DATA EXTRACT –
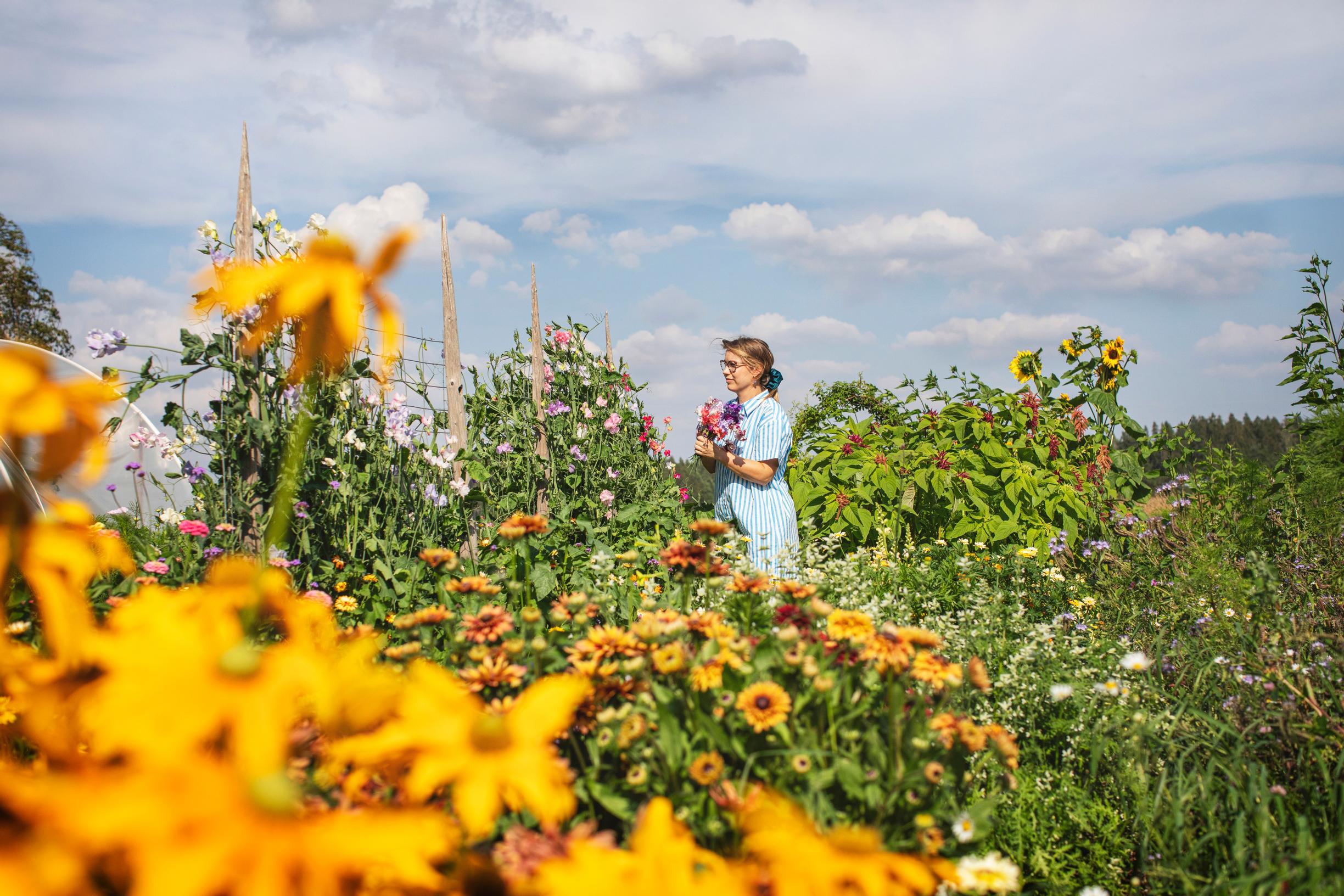 Sini Kujala in her garden.
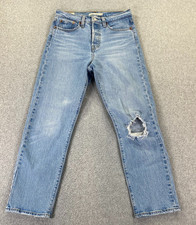 Levi  s Premium Wedgie Straight Jeans Women's Sz 25x26 Light Wash Button Fly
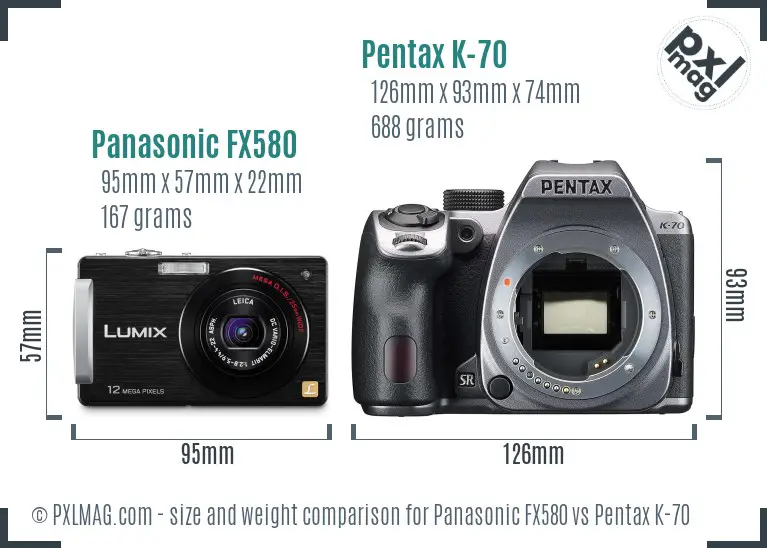 Panasonic FX580 vs Pentax K-70 size comparison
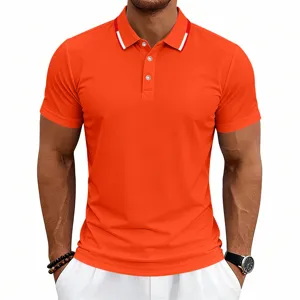 Men's solid color short sleeve polo shirt summer casual golf quick dry top detail view.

WORK TO BE COMPLETED – Everything in the material must be duplicated exactly, except the pictures.

TASK RESULT –
 Sini Kujala in her garden.
 Levi  s Premium Wedgie Straight Jeans Women's Sz 25x26 Light Wash Button Fly
 Panasonic FX580 vs Pentax K-70 size comparison
 Men's solid color short sleeve polo shirt summer casual golf quick dry top detail view.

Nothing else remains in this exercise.